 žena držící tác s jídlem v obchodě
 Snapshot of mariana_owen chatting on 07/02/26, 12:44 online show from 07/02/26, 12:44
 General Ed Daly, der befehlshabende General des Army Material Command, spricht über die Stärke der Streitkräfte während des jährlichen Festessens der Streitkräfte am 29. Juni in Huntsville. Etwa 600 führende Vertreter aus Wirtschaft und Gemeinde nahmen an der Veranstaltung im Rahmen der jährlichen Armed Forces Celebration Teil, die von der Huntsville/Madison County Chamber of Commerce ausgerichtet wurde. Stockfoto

What to do:
With every line intact, reproduce the listing verbatim.

Completed exercise:
 žena držící tác s jídlem v obchodě
 Snapshot of mariana_owen chatting on 07/02/26, 12:44 online show from 07/02/26, 12:44
 General Ed Daly, der befehlshabende General des Army Material Command, spricht über die Stärke der Streitkräfte während des jährlichen Festessens der Streitkräfte am 29. Juni in Huntsville. Etwa 600 führende Vertreter aus Wirtschaft und Gemeinde nahmen an der Veranstaltung im Rahmen der jährlichen Armed Forces Celebration Teil, die von der Huntsville/Madison County Chamber of Commerce ausgerichtet wurde. Stockfoto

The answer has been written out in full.